Residue from the ethanolic extract was fractionated into 13 fractions according to previously described methods [5]. Fractions 9 and 10 were combined based on a similar bioactivity and LC-MS profile for a combined yield of 747 mg. This combined sample was then separated with a hexane/chloroform/methanol gradient (flow rate 40 mL/min) and pooled into five fractions (A–E). Fraction C (330 mg) was subjected to the third stage of separation with a hexane/ethyl acetate/methanol gradient (flow rate 30 mL/min) and pooled into three fractions (I–III). Fraction II (50 mg) was then subjected to further purification with an acetonitrile/water gradient using reversed-phase preparative HPLC (40–50 % acetonitrile over 20 min). Compound 2, 8,11-dihidroxy-dodeca-2E,4E,9E-trienoic acid isobutylamide (1.9 mg, 97 % purity as mixture of diastereomers, Fig. 1 S, Supporting Information) eluted at 6.4 min.
4[(2-methylbutyl)amino]-4-oxo-2-butenoic acid (1): pale yellow amorphous powder; [α]D 25 = + 2.4 (c 0.0025, MeOH); 1H (400 MHz) and 13 C NMR (100 MHz) ([Table 1]; Figs. 4 S and 5 S, Supporting Information); HRESIMS m/z 186.1126 [M + H]+ (calcd. for C9H16NO3 186.1125).
8,11-dihidroxy-dodeca-2E,4E,9E-trienoic acid isobutylamide (2): light yellow oil; 1 H (400 MHz) and 13 C NMR (100 MHz) data were consistent with the literature (Table 2 S, Figs. 9 S and 10 S, Supporting Information) [8]; HRESIMS m/z 282.2056 [M + H]+ (calcd. for C16H28NO3 282.2064).
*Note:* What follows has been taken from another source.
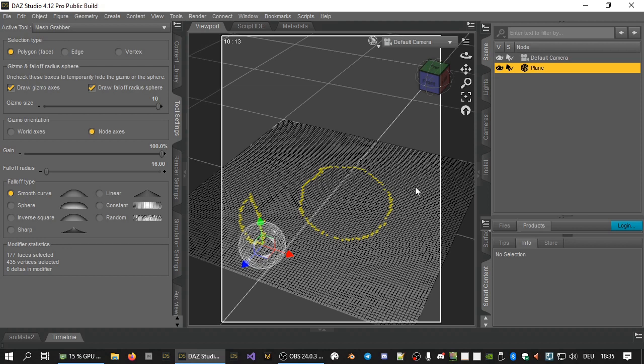Once you are happy with the selection, grab one of the six active handles of the mesh grabber gizmo, which looks and works just like DAZ Studio's Universal tool. The mesh you have selected moves.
Cytokine assays were performed using RAW 264.7 cells in 96-well plates. TNF-α secretion was stimulated with LPS from Salmonella minnesota R595 (List Biological Laboratories) at 10 ng/mL. TNF-α levels were measured in supernatants after 18 h using an ELISA kit (R&D Systems). Dodeca-2E,4E-dienoic acid isobutylamide (3) (Chromadex) served as a positive control. To evaluate cytotoxicity, RAW 264.7 cells were seeded into 96-well plates, treated for 18 h, and the supernatants were analyzed for LDH activity using a commercially available kit (Thermo Fisher Scientific).
Supporting information
NMR spectra, chromatograms for 1 and 2 and the crude E. purpurea extracts, and cytotoxicity results are available as Supporting Information.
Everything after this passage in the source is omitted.